Theoretical Implications

• Emergent Reasoning: The results support the hypothesis that LLMs exhibit emergent reasoning abilities for code analysis when prompted appropriately, but these abilities are bounded by context and model scale.
• Generalization Challenges: Fine-tuning on narrow distributions leads to overfitting, highlighting the need for more diverse and context-rich training data for robust vulnerability detection.

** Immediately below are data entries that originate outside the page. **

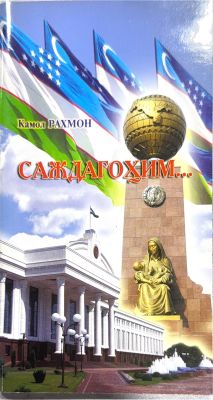 SAJDAGOHIM...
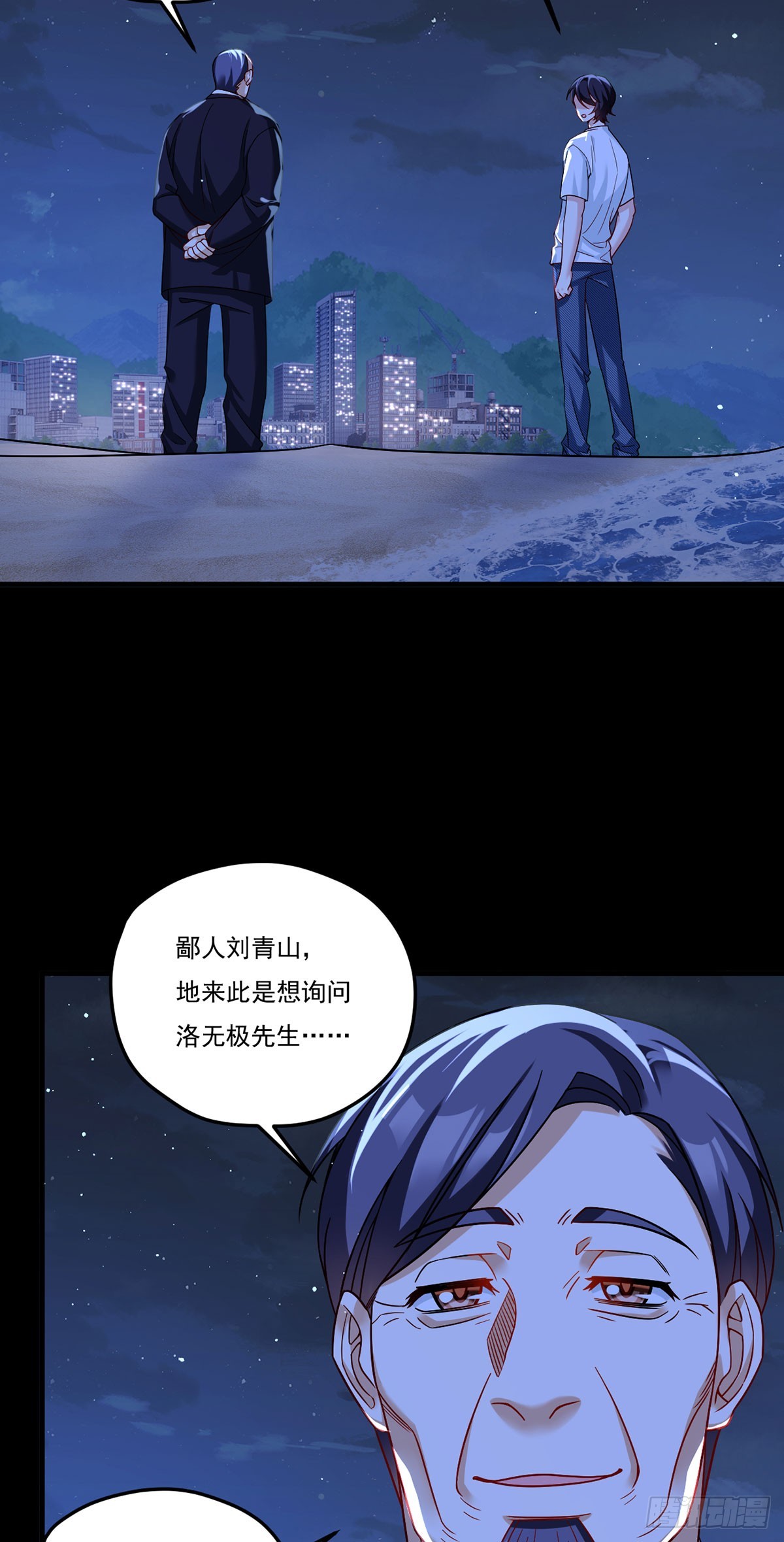 183.被刻上时间沙漏19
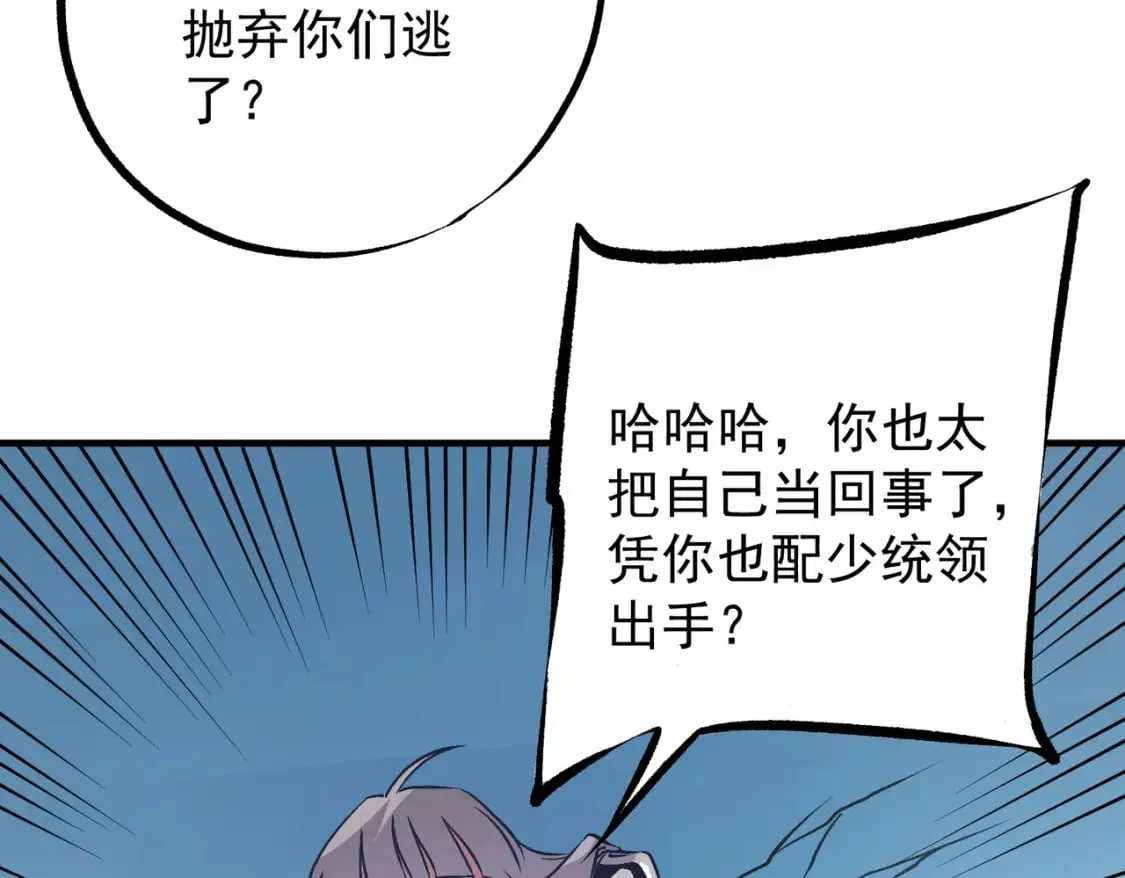 第69话：技艺融合的精粹，在于技能创造！ 第124页
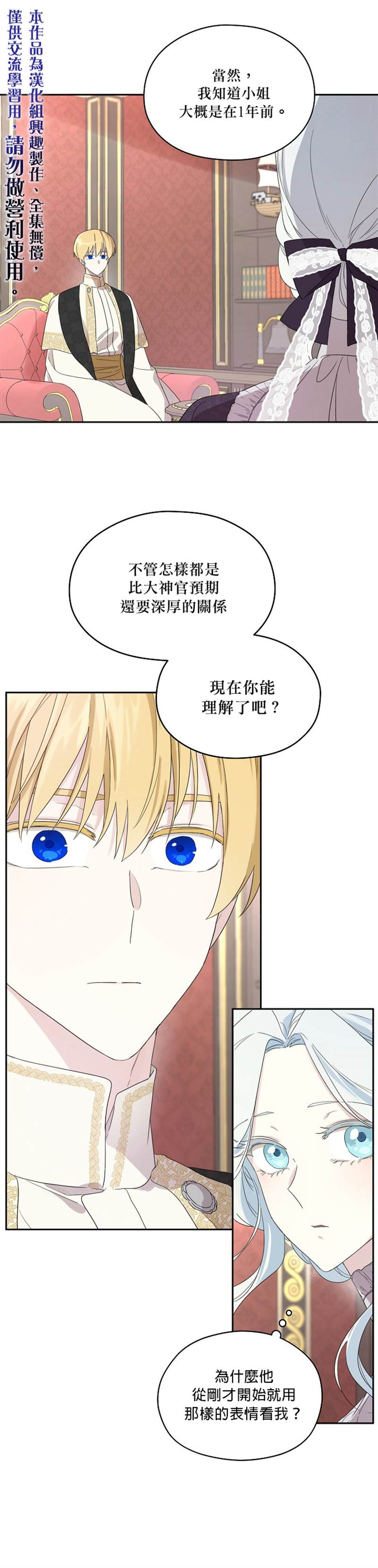 《成为男主的继母》漫画最新章节第42话免费下拉式在线观看章节第【10】张图片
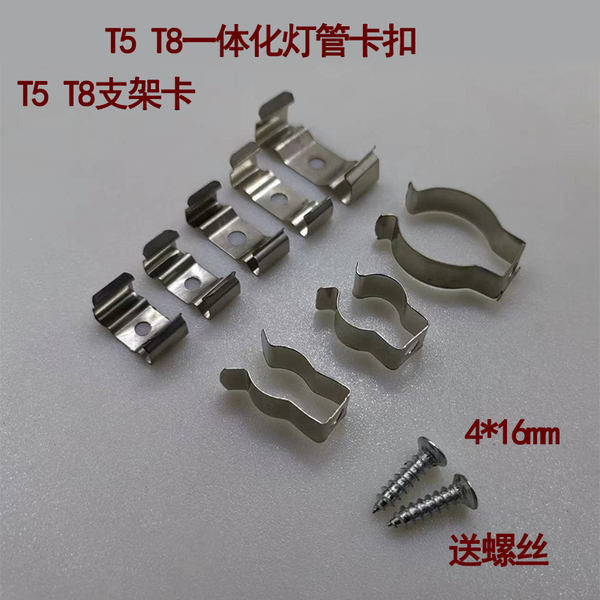 T4T5T8支架灯安装卡LED一体化日光灯卡扣固定夹灯饰配件灯管卡子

Recommendations for Future Research

• Hybrid Systems: Combining LLMs with static analysis tools to leverage the strengths of both approaches for broader vulnerability coverage.
• Contextual Augmentation: Developing methods to provide LLMs with relevant project-level context, possibly via static analysis or code search.
• Dataset Curation: Improving the quality and granularity of real-world vulnerability datasets, with accurate labeling and richer context, to better benchmark and train detection systems.
• Extrinsic Feedback: Exploring new forms of feedback (e.g., program analysis-based) to further reduce false positives and improve model calibration.

Conclusion

This paper demonstrates that LLMs, when equipped with carefully designed prompts, can match or exceed the performance of traditional static and deep learning-based vulnerability detection tools on synthetic benchmarks, and provide valuable explanations for their predictions. However, significant challenges remain in scaling these capabilities to real-world code, particularly due to context limitations and dataset quality. The integration of LLMs with static analysis and the development of improved datasets and prompting strategies represent promising avenues for advancing automated vulnerability detection.